[SonarQube Developer edition] Error in Integrating SonarQube with github enterprise

@stacey.geng
Must-share information

  • which versions -SonarQube Developer Edition Version 9.9.3 (build 79811)
  • how is SonarQube deployed - zip
  • what are you trying to achieve - We are trying to integrate Sonarqube developer edition with github enterprise server 3.8.10
  • what have you tried so far to achieve this - We created a github app and created a configuration in sonarqube web page but when we click on the check configuration, it shows an error mentioning Failed to validate configuration, check URL and Private Key
    further I tried to reconfirm all the details are correct, also we have hosted Sonarqube on a local server.
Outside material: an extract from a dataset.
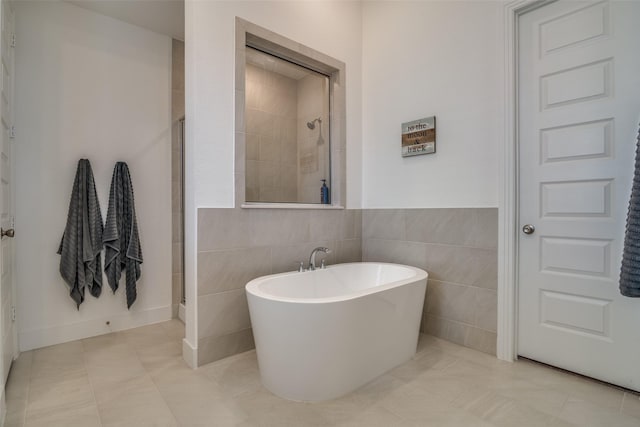 bathroom with a freestanding tub, a tile shower, tile walls, and tile patterned floors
Please help in resolving the issue?
    Pasting the logs below as I was not able to attach the file or image
    2024.03.29 09:45:55 WARN web[o.s.a.c.g.GithubApplicationClientImpl] Failed to request https://github.xyzorg.net/api/v3/app
    javax.net.ssl.SSLHandshakeException: PKIX path building failed: sun.security.provider.certpath.SunCertPathBuilderException: unable to find valid certification path to requested target
    at java.base/sun.security.ssl.Alert.createSSLException(Alert.java:131)
    at java.base/sun.security.ssl.TransportContext.fatal(TransportContext.java:378)
    at java.base/sun.security.ssl.TransportContext.fatal(TransportContext.java:321)
    at java.base/sun.security.ssl.TransportContext.fatal(TransportContext.java:316)
    at java.base/sun.security.ssl.CertificateMessage$T12CertificateConsumer.checkServerCerts(CertificateMessage.java:654)
    at java.base/sun.security.ssl.CertificateMessage$T12CertificateConsumer.onCertificate(CertificateMessage.java:473)
    at java.base/sun.security.ssl.CertificateMessage$T12CertificateConsumer.consume(CertificateMessage.java:369)
    at java.base/sun.security.ssl.SSLHandshake.consume(SSLHandshake.java:396)
    at java.base/sun.security.ssl.HandshakeContext.dispatch(HandshakeContext.java:480)
    at java.base/sun.security.ssl.HandshakeContext.dispatch(HandshakeContext.java:458)
    at java.base/sun.security.ssl.TransportContext.dispatch(TransportContext.java:201)
    at java.base/sun.security.ssl.SSLTransport.decode(SSLTransport.java:172)
    at java.base/sun.security.ssl.SSLSocketImpl.decode(SSLSocketImpl.java:1506)
    at java.base/sun.security.ssl.SSLSocketImpl.readHandshakeRecord(SSLSocketImpl.java:1421)
    at java.base/sun.security.ssl.SSLSocketImpl.startHandshake(SSLSocketImpl.java:455)

Let me suggest taking SonarQUbe out of the equation entirely and using a tool like SSLPoke to test the Java distribution that’s starting your SOnarQube server and whether it is able to make the connection to you GitHub Enterprise server with what it has in its trust store.

Likely you’ll need to adjust the truststore of that Java install. This is a common problem when a server SonarQube is trying to reach is using a self-signed certificate.

@Colin Thanks for your suggestion Colin, I ran the ssl poke test and it returned successfully connected, after that I restarted the Sonarqube and tried to validate the setting but its returning the same error as mentioned in the below logs
2024.04.02 15:01:15 WARN web[o.s.a.c.g.GithubApplicationClientImpl] Failed to request https://github.xyzorg.net/api/v3/app
javax.net.ssl.SSLHandshakeException: PKIX path building failed: sun.security.provider.certpath.SunCertPathBuilderException: unable to find valid certification path to requested target
at java.base/sun.security.ssl.Alert.createSSLException(Alert.java:131)
at java.base/sun.security.ssl.TransportContext.fatal(TransportContext.java:378)
at java.base/sun.security.ssl.TransportContext.fatal(TransportContext.java:321)
at java.base/sun.security.ssl
but I have one question to you that how can I generate a self-signed certificate and install it on my sonarqube server, my sonarqube server is running on http?

This has everything to do with the certificate on your GitHub server – not the one on your SonarQube server (meaning that even if your SonarQube server is being served over HTTP, that isn’t at play here).

Is it possible you have multiple versions of Java installed on your SonarQube server? Are you sure the one that was used to run SSLPoke is the same as the one that’s running your SonarQube server? You should be able to check the location of this Java install under the global Administration > System

@Colin Thanks for your valuable insights Colin, I rechecked the Java as suggested by you, yes the java used by Sonarqube was different from the one appearing as default, then I followed your suggestion to install the certificate Adjusting the truststore to add the certificate, and the issue is resolved.

1 Like

This topic was automatically closed 7 days after the last reply. New replies are no longer allowed.